*** Records for this task Section Begins ***

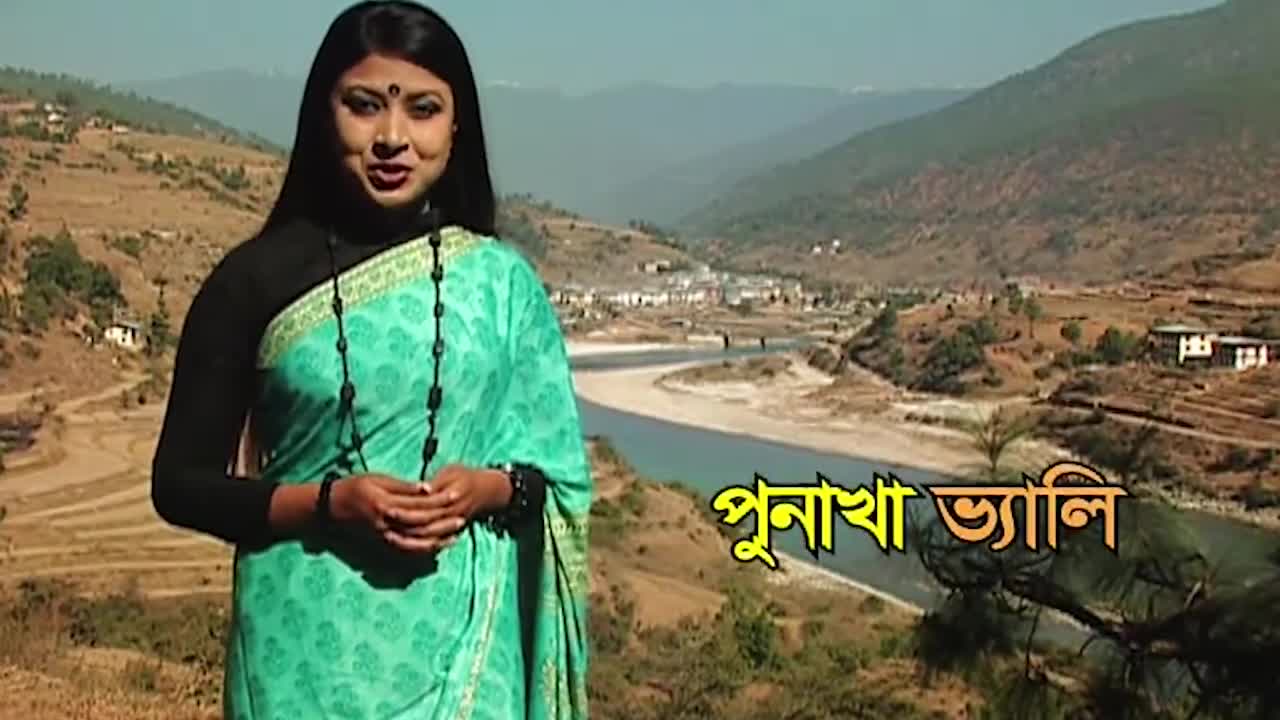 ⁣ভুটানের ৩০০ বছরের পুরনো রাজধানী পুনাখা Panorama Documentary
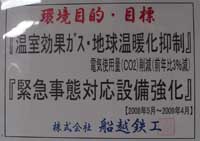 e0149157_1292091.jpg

*** Records for this task Section Ends ***
*** Records for this task Section Begins ***

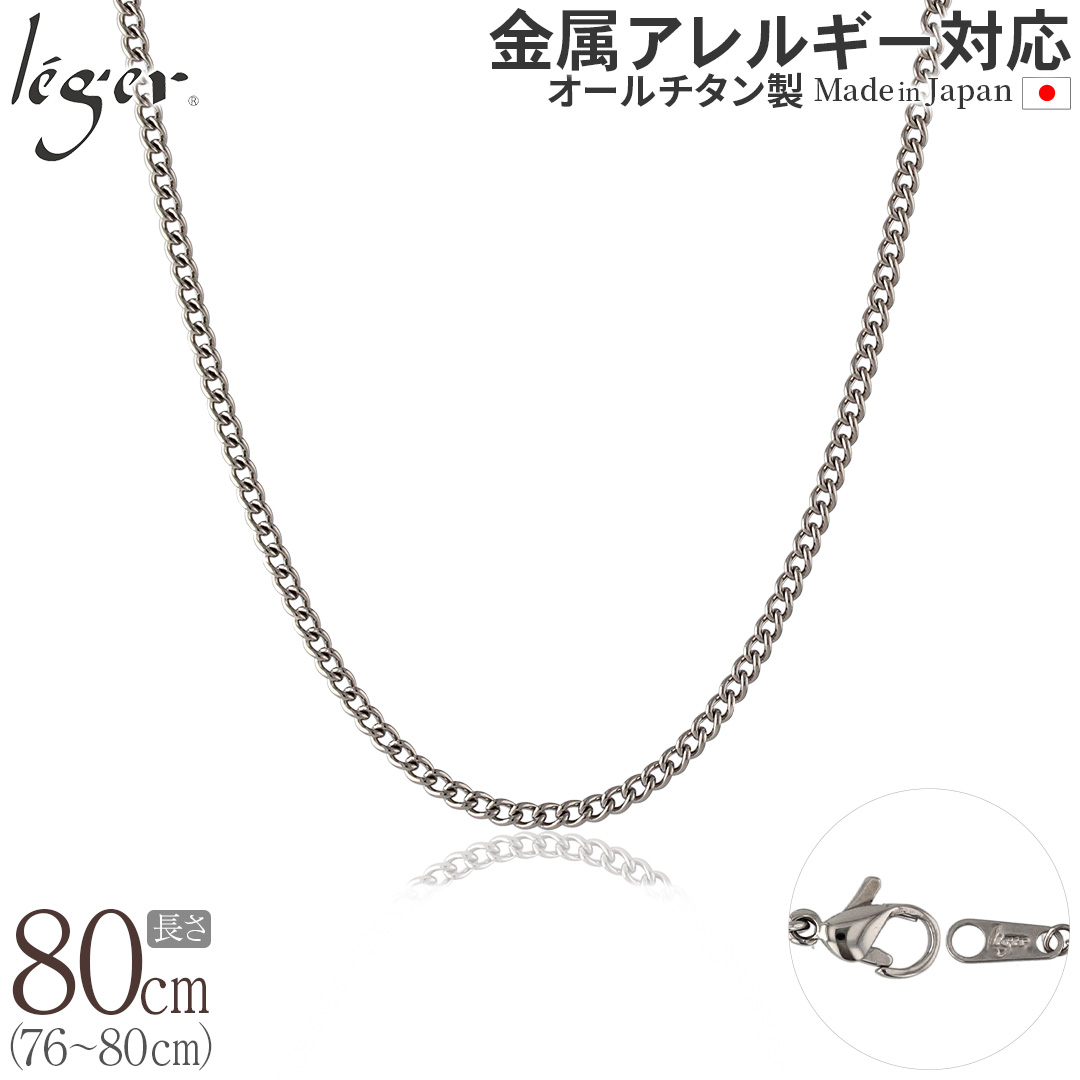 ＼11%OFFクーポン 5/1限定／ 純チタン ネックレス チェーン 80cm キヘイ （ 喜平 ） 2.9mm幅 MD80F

*** Records for this task Section Ends ***
*** Records for this task Section Begins ***

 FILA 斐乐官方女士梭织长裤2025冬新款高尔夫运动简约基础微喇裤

*** Records for this task Section Ends ***

§ **Task statement**: In the listing above, find the line containing "পুনাখা Panorama Documentary" and the line containing "e0149157_1292091.jpg". Reproduce those lines and all between them exactly, with no pictures and nothing more.

§ **Answer to this task**:
 ⁣ভুটানের ৩০০ বছরের পুরনো রাজধানী পুনাখা Panorama Documentary
 e0149157_1292091.jpg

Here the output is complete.